*** Opening of Source data ***
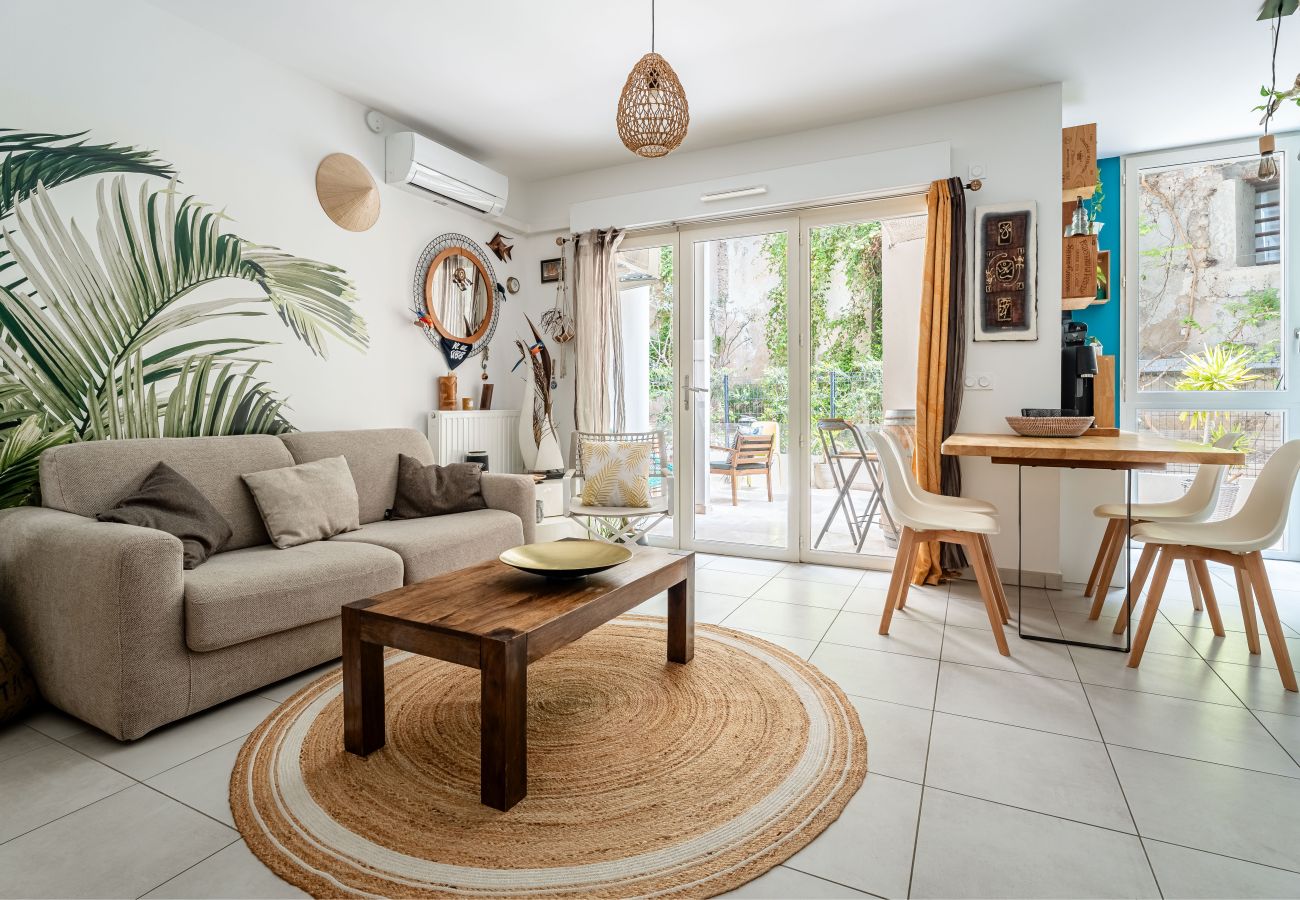 Appartement à La Ciotat - Areno. Moderne 30m du port, clim terrasse jardinet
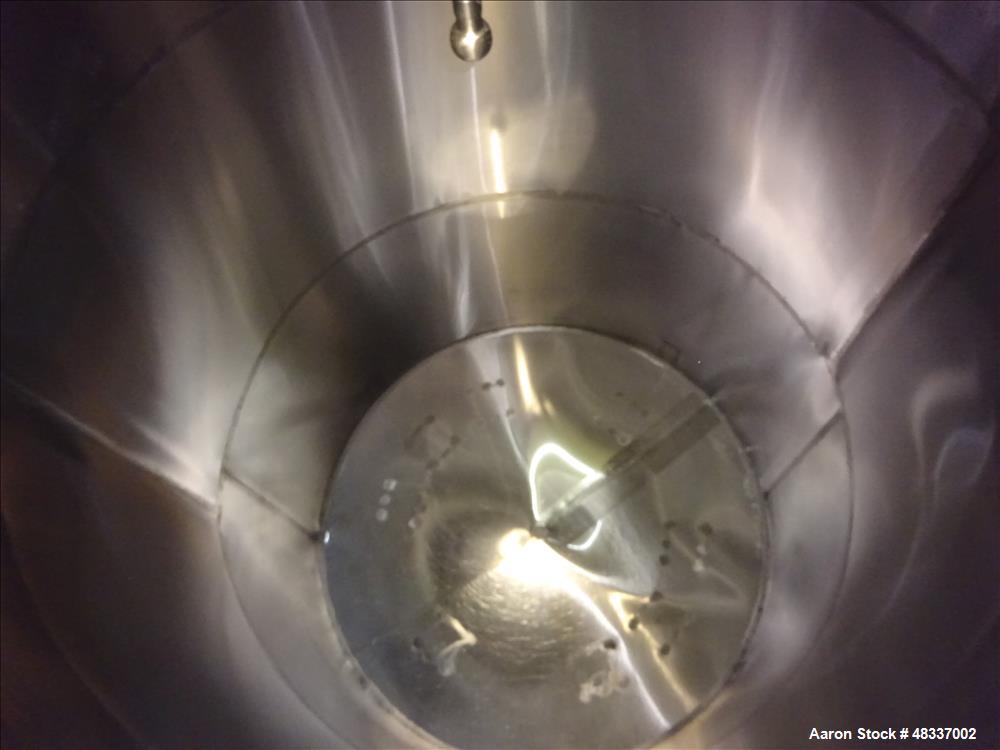Used Stainless Steel Metals Inc. Approximately 4,000 Gallon Tank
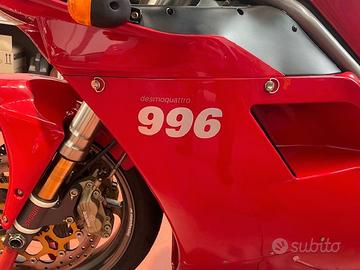 DUCATI 996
*** Close of Source data ***
Exercise instructions >>
Everything in the listing should be copied exactly, apart from the images it holds.

Result >>
 Appartement à La Ciotat - Areno. Moderne 30m du port, clim terrasse jardinet
Used Stainless Steel Metals Inc. Approximately 4,000 Gallon Tank
 DUCATI 996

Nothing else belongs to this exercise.